Het belangrijkste kostenvoordeel van de pensioenfondsen zit in de wettelijke plicht om bij een collectief pensioenfonds te sparen. Pensioenfondsen hoeven daarom geen klanten te werven of over de regelingen te adviseren. Verzekeraars hebben wel te maken met marketing- en verkoopkosten, waaronder de commissie voor tussenpersonen. Deze tussenpersonen adviseren bij het leveren van maatwerk bij individuele regelingen.
 
Het verplichte pensioensparen oogt goedkoop, maar staat onder druk.
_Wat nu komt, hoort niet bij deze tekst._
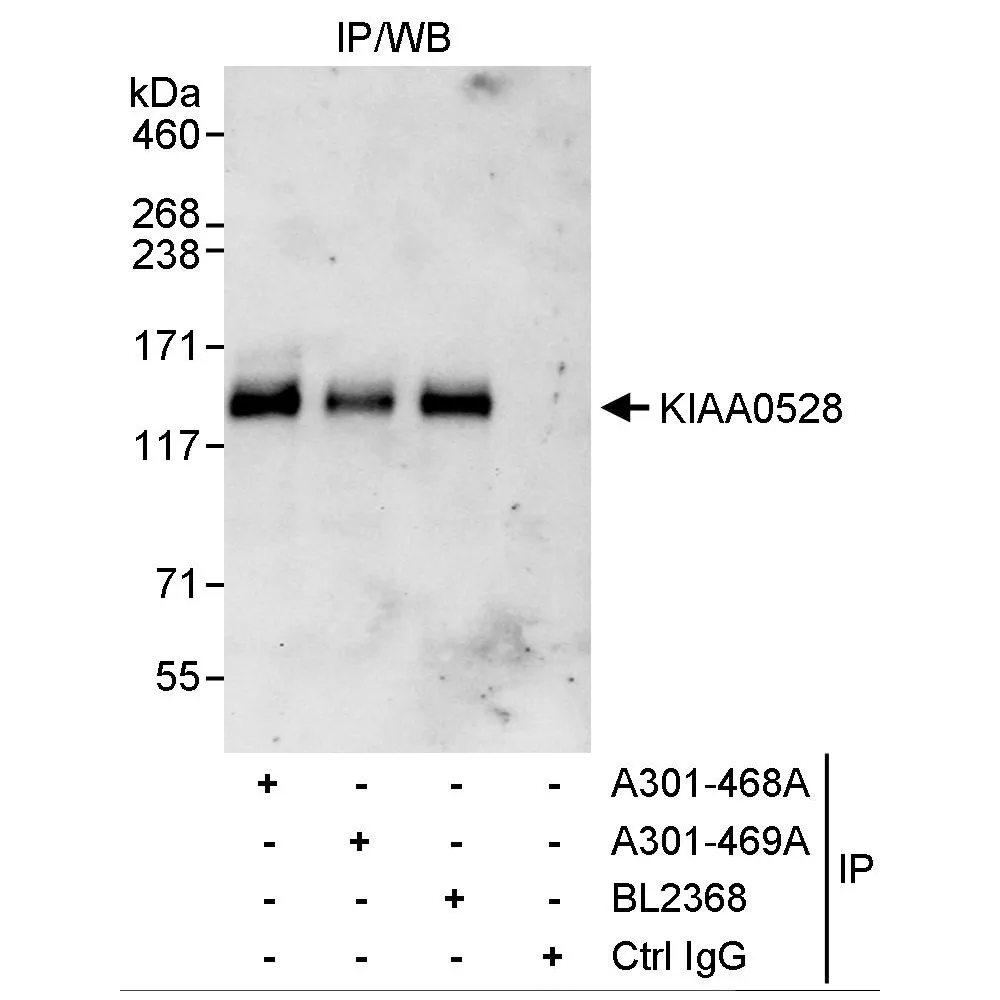 Rabbit anti-KIAA0528 Antibody, Affinity Purified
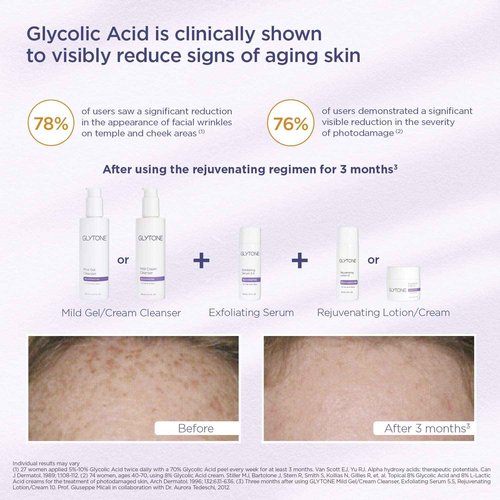 Glytone Mild Cream Cleanser | Exfoliate & Moisturize with 3.4 Free Acid Value Glycolic Acid & Glycerin | Face Wash for Women Removes Makeup & Oil | Face Cleanser for Dry Skin | 13.5 Fl oz.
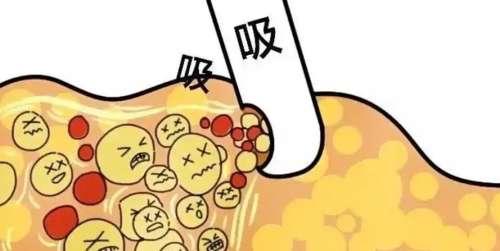 吸脂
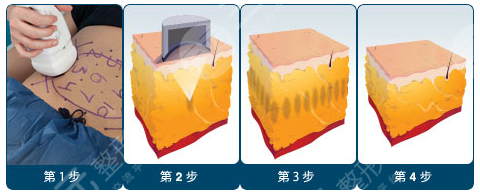 冷凍溶脂和抽脂哪個果好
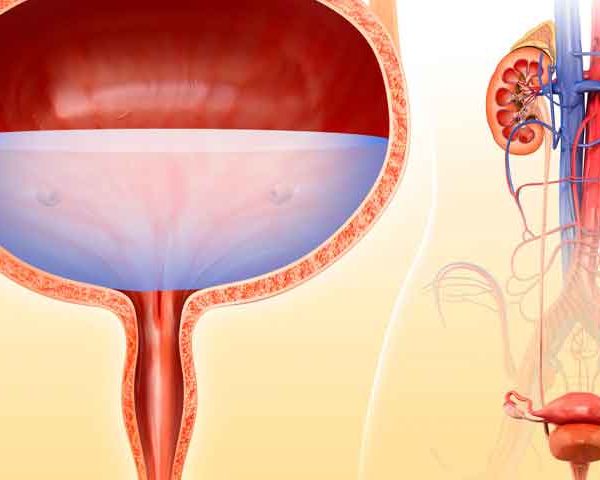 جراحی بسته سنگ مثانه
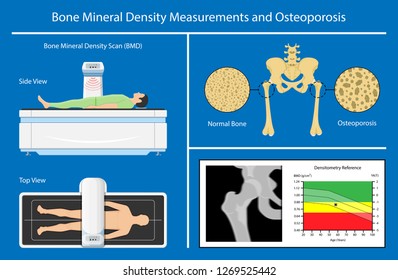 Bone mineral density (BMD) osteoporosis dual energy X-ray absorptionmetry adult disease equipment medical clinic central DXA pain radiography hospital fragility risk examine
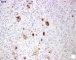 CD15 in classic Hodgkin lymphoma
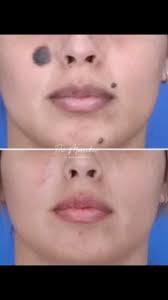 Mole troubles getting you down? 🤕 We’ve got the solution! ✨ Meet our  incredible patient who was born with these moles and after a few procedures  and customized topicals, we successfully removed all 3! ...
Verzekeraars ageren tegen de verplichtstelling vanwege oneerlijke concurrentie. Ook uit werknemerskring klinkt kritiek. Doordat iedereen een gelijk percentage van zijn salaris betaalt, ontstaat herverdeling. Zo profiteren ouderen meer van de collectieve regeling dan jongeren, vrouwen meer dan mannen en werknemers met partner meer dan alleenstaanden.
 
Demissionair minister De Geus (Sociale Zaken) is niet gerust op de vraag of de verplichte deelname wel 'Brussel-proof' is. Daarom komt er een onderzoek naar de splitsing van pensioenfondsen in een bestuur en een uitvoeringsorgaan.